Strengthening Training briefly — it is a paradigm of the educational process, in which the training agent learns over time to behave optimally in a certain environment, continuously interacting in this environment. During the learning process, the agent experiences various situations in the environment in which he finds himself. It is called. The agent, being in this state, can choose from a set of valid actions that can cause different (or penalties).
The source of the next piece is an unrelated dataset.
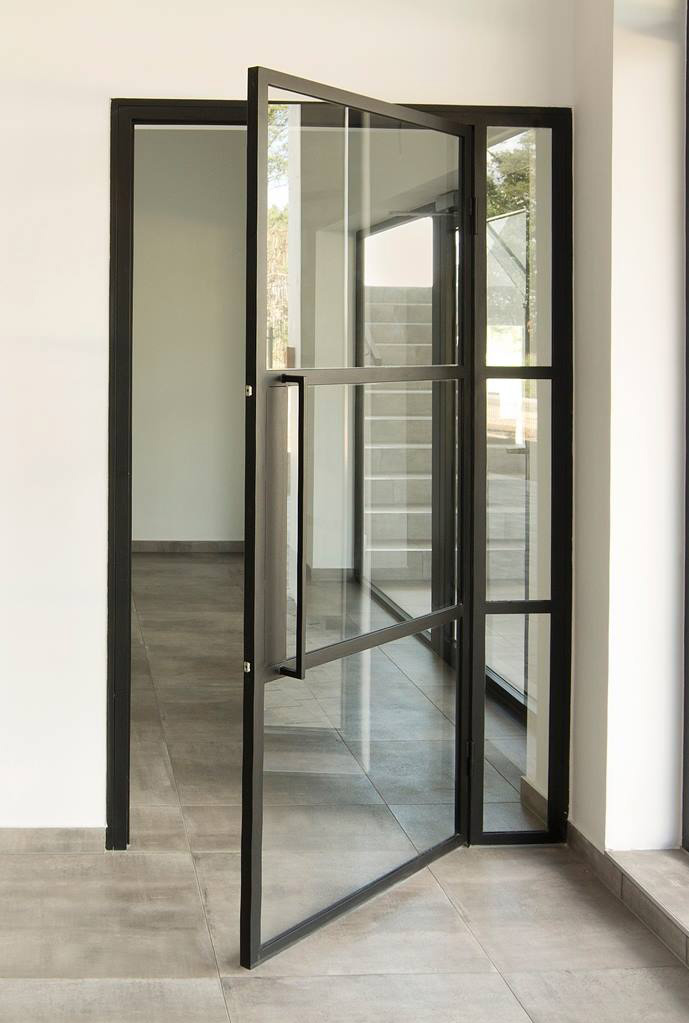 img 8 Metalglass hinged door set with side panel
An overtime training agent learns to maximize these rewards in order to behave optimally in any given state.
QLearning — is a basic form of Reinforcement Learning that uses QValues (also called Action Values) to iteratively improve the behavior of the Learning Agent.
A Time Difference Rule or TDUpdate can be represented as follows:
This update rule for estimating the Q value is applied at each time step of the agent`s interaction with the environment. The terms used are explained below. :
greedy policy — a very simple policy of choosing actions using current Qvalue estimates. It looks like this:
>
Now that the whole theory is in hand, let`s look at an example. We will be using the OpenAI gym to train our QLearning model.
Command to install gym
—
pip install gym
Before starting with the example, you will need some supporting code to visualize the algorithms. There will be two auxiliary files to download in the working directory. You can find the files here .
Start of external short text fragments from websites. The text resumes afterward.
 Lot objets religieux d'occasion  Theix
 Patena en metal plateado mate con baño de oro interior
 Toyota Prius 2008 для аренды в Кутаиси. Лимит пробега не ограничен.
Step # 1: Import required libraries.

Step # 2: Create a gym environment.
env
=
WindyGridworldEnv ()
Step # 3: Make greedy policy.
def
createEpsilonGreedyPolicy (Q, epsilon, num_actions):
"" "
Creates an epsilongreedy policy based on
on the given Q function and epsilon.
Returns a function that takes state
as input and returns probabilities
for each action as an array
e action space lines (many possible actions).
"" "
def
policyFunction (state):
Action_probabilities =
np.ones (num_actions,
dtype
=
float
)
*
epsilon
/
num_actions
best_action
=
np.argmax (Q [s tate])
Action_probabilities [best_action]
+
=
(
1.0

epsilon)
return
Action_probabilities
return
policyFunction
Step # 4: Build the QLearning model.
def
qLearning (env, num_episodes, discount_factor
=
1.0
,
alpha
=
0.6
, epsilon
=
0.1
):
“ »»
QLearning Algorithm: Controlling TD outside of Policy.
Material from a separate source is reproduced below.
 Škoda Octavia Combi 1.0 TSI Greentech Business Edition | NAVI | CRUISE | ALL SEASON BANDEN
Finds optimal greedy policy when improved
following the epsilon greedy policy of & quot; & quot; & quot;
# Function value function
# Nested dictionary that renders
# state  & gt; (action is & gt; action value).
Q
=
defaultdict (
lambda
: np.zeros (env .action_space.n))
# Tracks useful statistics
stats
=
plotting.EpisodeStats (
episode_lengths
=
np.zeros (num_episodes),
episode_rewards
=
np.zeros (num_episodes))
# Create an epsilon greedy policy function
# respectively for the space action environment
policy
=
createEpsilonGreedyPolicy (Q, epsilon, env.action_space.n)
# For each episode
for
ith_episode
in
range
(num_episodes):
# Reset environment and select first action
state
=
env.reset ()
for
t
in
itertools.count ():
# get the probabilities of all actions from the current state
action_probabilities
=
policy (state)
# select an action according to
# probability distribution
action
=
np.random.choice (np.arange (
len
(action_probabilities)),
p
=
action_probabilities)
# take action and get reward, go to next state
next_state, reward, done, _
=
env.step (action)
# Update statistics
stats.episode_rewards [i _episode]
+
=
reward
stats.episode_lengths [i_episode]
=
t
# TD Update
best_next_action
=
np.argmax (Q [next_state])
td_target
=
reward
+
discount_factor
*
Q [next_state] [best_next_action]
td_delta
=
td_target

Q [state] [action]
Q [state] [action]
+
=
alpha
*
td_delta
# done  True if the episode ends
if
done:
break
state
=
next_state
return
Q, stats
Step # 5: Train the model.
Q, stats
=
qLearning (env,
1000
)
Step 6: Compile important statistics.

Output:
We can see that in the episode reward over time graph, the episode reward gradually increases from over time and ultimately flattens out when the episode reward is high, indicating that the agent has learned to maximize the total reward received in the episode through optimal behavior in each episode. state.